TESTO Commento su Matteo 22,34-40
Missionari della Via Missionari della Via - Veritas in Caritate
Venerdì della XX settimana del Tempo Ordinario (Anno I) (22/08/2025)
Vangelo: Mt 22,34-40

34Allora i farisei, avendo udito che egli aveva chiuso la bocca ai sadducei, si riunirono insieme 35e uno di loro, un dottore della Legge, lo interrogò per metterlo alla prova: 36«Maestro, nella Legge, qual è il grande comandamento?». 37Gli rispose: «Amerai il Signore tuo Dio con tutto il tuo cuore, con tutta la tua anima e con tutta la tua mente. 38Questo è il grande e primo comandamento. 39Il secondo poi è simile a quello: Amerai il tuo prossimo come te stesso. 40Da questi due comandamenti dipendono tutta la Legge e i Profeti».

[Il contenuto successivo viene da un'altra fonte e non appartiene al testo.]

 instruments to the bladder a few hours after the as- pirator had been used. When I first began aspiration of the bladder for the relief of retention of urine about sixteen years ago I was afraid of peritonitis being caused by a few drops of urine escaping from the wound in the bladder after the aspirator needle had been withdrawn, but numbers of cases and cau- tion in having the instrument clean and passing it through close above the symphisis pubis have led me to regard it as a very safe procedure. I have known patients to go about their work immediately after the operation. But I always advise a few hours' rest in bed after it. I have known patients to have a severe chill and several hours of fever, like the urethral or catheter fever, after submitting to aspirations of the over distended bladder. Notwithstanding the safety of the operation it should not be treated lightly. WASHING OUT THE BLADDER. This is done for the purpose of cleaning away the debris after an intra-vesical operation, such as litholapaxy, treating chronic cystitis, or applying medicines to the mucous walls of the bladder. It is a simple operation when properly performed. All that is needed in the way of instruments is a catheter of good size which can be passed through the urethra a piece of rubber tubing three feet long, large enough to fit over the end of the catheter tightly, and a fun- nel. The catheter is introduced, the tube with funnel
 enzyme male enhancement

Quando sentiamo parlare di comandamenti subito pensiamo a delle regole da applicare in momenti puntuali, davanti a scelte precise. In realtà il comandamento oltre a una norma o ad una Legge indica una prospettiva di vita, un indirizzo, un orizzonte vitale. Indica un principio che vuol orientare tutta la vita, i criteri, gli affetti. In questo senso possiamo capire la portata della risposta di Gesù che unisce due comandamenti già presenti nell'Antico Testamento saldandoli insieme: amare Dio con tutto il cuore e il prossimo come se stesso. È questo il nostro orizzonte vitale: corrispondere all'amore continuo, totale, gratuito di Dio con il nostro amore, cercando di amarlo in ogni cosa e avendo cura di ogni persona come se fossimo noi stessi. Avere a cuore il bene e voler bene, sempre, continuamente, non part-time o una tantum. La vita del cristiano è un'estasi continua, cioè una continua uscita da sé (dal greco ékstatis: ek cioè fuori, stasis cioè stare), un continuo uscire fuori dal recinto del proprio ego per amare. In quest'orizzonte tutto cambia luce, anche la dimensione del peccato che diventa quel momento puntuale in cui ho scelto di non amare, in cui ho amato male, in modo disordinato, egoistico... L'amore è chiamato ad essere l'orizzonte della nostra vita, immersi in quel mare d'amore che è l'amore di Dio, un mare nel quale siamo immersi ma del quale spesso non riusciamo nemmeno a rendercene conto. Qual è il pericolo? Disgiungere questi amori: pensare di poter amare Dio senza amare il prossimo, o pensare di amare il prossimo senza (o perlomeno senza bisogno di amare Dio). No, Gesù li ha uniti, indissolubilmente, come due facce di un'unica medaglia: amare Dio e il prossimo; amare Dio per amare di più e meglio il prossimo; amare il prossimo come primo segno e testimonianza concreta del nostro amare Dio.
«Ormai, alla luce di questa parola di Gesù, l'amore è la misura della fede, e la fede è l'anima dell'amore. Non possiamo più separare la vita religiosa, la vita di pietà dal servizio ai fratelli, a quei fratelli concreti che incontriamo. Non possiamo più dividere la preghiera, l'incontro con Dio nei Sacramenti, dall'ascolto dell'altro, dalla prossimità alla sua vita, specialmente alle sue ferite. Ricordatevi questo: l'amore è la misura della fede. Quanto ami, tu? E ognuno si dà la risposta. Com'è la tua fede? La mia fede è come io amo. E la fede è l'anima dell'amore. In mezzo alla fitta selva di precetti e prescrizioni - ai legalismi di ieri e di oggi - Gesù opera uno squarcio che permette di scorgere due volti: il volto del Padre e quello del fratello. Non ci consegna due formule o due precetti: non sono precetti e formule; ci consegna due volti, anzi un solo volto, quello di Dio che si riflette in tanti volti, perché nel volto di ogni fratello, specialmente il più piccolo, fragile, indifeso e bisognoso, è presente l'immagine stessa di Dio. E dovremmo domandarci, quando incontriamo uno di questi fratelli, se siamo in grado di riconoscere in lui il volto di Dio: siamo capaci di questo?» (Papa Francesco, Angelus 26 ottobre 2014).